Sebaliknya, CO lebih sering diterapkan pada masyarakat
perkotaan yang relatif sudah maju. CO lebih banyak bersentuhan dengan aspek
politik warga, seperti penyadaran hak-hak sipil (civil rights), pembentukan
forum warga, penguatan demokrasi, pendidikan warga yang merayakan pluralisme,
kesetaraan dan partisipasi publik. PM seringkali melibatkan kegiatan-kegiatan
advokasi atau aksi sosial yang melibatkan pengorganisasian masyarakt (CO) dan
menuntut adanya perubahan kebijakan publik dan menyentuh konteks politik.
Program-programnya bisa berupa perumusan dan pengusulan naskah kebijakan
(policy paper) mengenai pelayanan pendidikan dan kesehatan gratis, pengusulan
draft Peraturan Daerah tentang perlindungan sosial warga miskin, advokasi upah
buruh yang manusiawi, peningkatan kesadaran akan bahaya HIV/AIDS,
pengarusutamaan jender dan kesetaraan sosial, perlindungan anak, penanganan
KDRT (kekerasan dalam rumah tangga), dst.
Singkatnya, sebagai ilustrasi, jika CD menanggulangi
kemiskinan melalui pemberian kredit dan pelatihan ekonomi mikro. Maka, CO
menanggulangi kemiskinan dengan mendidik warga agar membentuk organisasi massa
atau forum warga, sehingga mereka mampu bertindak melawan status quo, kaum
pemodal, rentenir, atau kebijakan pemerintah yang dirasakan tidak adil dan
menindas. Tentu saja, pembedaan antara CD dan CO tidak bersifat absolut. Dalam
kenyataan dan pada kasus-kasus tertentu, percampuran pendekatan keduanya sangat
mungkin terjadi di antara berbagai kategori masyarakat. Dalam makalah ini,
pendekatan CO dan CD
akan digabungkan dan hanya akan dipakai istilah PM saja.
Selain konsep ini lebih populer, bagi sebagian besar masyarakat Indonesia,
konsep PM lebih tepat dan sesuai dengan karakteristik mereka.
Tragedi PM
Dalam buku “Membangun Masyarakat, Memberdayakan Rakyat”

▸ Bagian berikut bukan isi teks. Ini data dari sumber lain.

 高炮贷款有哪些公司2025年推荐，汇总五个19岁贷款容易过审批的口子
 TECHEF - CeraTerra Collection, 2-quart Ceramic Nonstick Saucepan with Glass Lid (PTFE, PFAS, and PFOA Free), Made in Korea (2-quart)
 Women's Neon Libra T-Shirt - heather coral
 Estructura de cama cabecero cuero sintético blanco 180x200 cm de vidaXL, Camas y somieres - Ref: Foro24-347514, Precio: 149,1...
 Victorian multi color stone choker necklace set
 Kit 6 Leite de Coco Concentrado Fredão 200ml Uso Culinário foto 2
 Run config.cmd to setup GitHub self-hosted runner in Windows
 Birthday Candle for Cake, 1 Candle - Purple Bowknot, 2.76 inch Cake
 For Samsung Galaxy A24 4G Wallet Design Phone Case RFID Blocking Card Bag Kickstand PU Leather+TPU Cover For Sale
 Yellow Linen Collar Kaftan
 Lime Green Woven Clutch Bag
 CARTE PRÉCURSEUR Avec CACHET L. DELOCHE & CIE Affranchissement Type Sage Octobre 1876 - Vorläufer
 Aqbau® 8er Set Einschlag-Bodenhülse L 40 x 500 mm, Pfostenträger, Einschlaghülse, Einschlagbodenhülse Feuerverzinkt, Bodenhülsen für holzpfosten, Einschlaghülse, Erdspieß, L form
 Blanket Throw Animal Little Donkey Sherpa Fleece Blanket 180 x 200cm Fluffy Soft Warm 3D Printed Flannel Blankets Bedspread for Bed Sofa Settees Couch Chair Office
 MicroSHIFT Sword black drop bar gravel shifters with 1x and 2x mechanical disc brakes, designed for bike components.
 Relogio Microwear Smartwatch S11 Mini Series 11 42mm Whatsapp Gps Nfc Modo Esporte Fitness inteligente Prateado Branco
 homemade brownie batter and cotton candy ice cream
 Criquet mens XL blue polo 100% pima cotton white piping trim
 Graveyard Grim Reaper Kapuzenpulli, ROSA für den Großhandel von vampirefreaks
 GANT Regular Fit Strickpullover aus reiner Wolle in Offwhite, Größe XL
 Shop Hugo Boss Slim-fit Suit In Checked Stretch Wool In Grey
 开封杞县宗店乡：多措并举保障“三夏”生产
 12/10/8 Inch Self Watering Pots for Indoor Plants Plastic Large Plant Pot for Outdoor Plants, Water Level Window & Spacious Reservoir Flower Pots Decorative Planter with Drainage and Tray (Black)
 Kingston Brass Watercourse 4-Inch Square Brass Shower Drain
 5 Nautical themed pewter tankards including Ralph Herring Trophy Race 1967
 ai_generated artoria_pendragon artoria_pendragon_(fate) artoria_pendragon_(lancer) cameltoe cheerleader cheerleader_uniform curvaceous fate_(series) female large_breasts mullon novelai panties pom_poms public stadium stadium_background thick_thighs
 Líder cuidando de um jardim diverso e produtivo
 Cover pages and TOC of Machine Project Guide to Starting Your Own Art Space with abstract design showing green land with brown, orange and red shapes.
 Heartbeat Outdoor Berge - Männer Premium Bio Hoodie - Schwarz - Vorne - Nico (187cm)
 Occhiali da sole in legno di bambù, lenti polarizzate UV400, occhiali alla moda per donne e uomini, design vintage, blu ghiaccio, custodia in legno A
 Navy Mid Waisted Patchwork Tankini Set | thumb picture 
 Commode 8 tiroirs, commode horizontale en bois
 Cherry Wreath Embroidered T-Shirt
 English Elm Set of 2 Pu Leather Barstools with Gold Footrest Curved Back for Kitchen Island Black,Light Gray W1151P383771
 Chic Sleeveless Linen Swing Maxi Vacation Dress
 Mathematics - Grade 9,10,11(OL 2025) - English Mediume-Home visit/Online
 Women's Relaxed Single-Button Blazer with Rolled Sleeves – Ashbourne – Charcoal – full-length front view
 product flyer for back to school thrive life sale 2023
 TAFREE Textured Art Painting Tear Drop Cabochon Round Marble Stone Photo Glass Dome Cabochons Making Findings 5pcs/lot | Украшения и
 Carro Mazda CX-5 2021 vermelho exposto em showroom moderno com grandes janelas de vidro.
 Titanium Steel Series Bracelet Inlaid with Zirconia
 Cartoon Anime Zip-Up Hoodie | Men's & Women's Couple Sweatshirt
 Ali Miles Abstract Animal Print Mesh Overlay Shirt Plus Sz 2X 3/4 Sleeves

(Suharto, 2006), penulis berargumen bahwa satu tragedi dalam kegiatan-kegiatan
pemberdayaan masyarakat adalah bahwa pendekatan yang diterapkan seringkali
terlalu terkesima oleh, untuk tidak menyatakan sangat mengagungkan, konteks
lokal. Sistem sosial yang lebih luas yang menyangkut pembangunan sosial,
Kebijakan Sosial, relasi kekuasaan, ketidakadilan jender, ekslusifisme,
pembelaan hak-hak publik, dan kesetaraan sosial seringkali kurang mendapat
perhatian.
Seakan-akan komunitas lokal merupakan entitas sosial yang
vacuum dan terpisah dari dinamika dan pengaruh sistem sosial yang mengitarinya.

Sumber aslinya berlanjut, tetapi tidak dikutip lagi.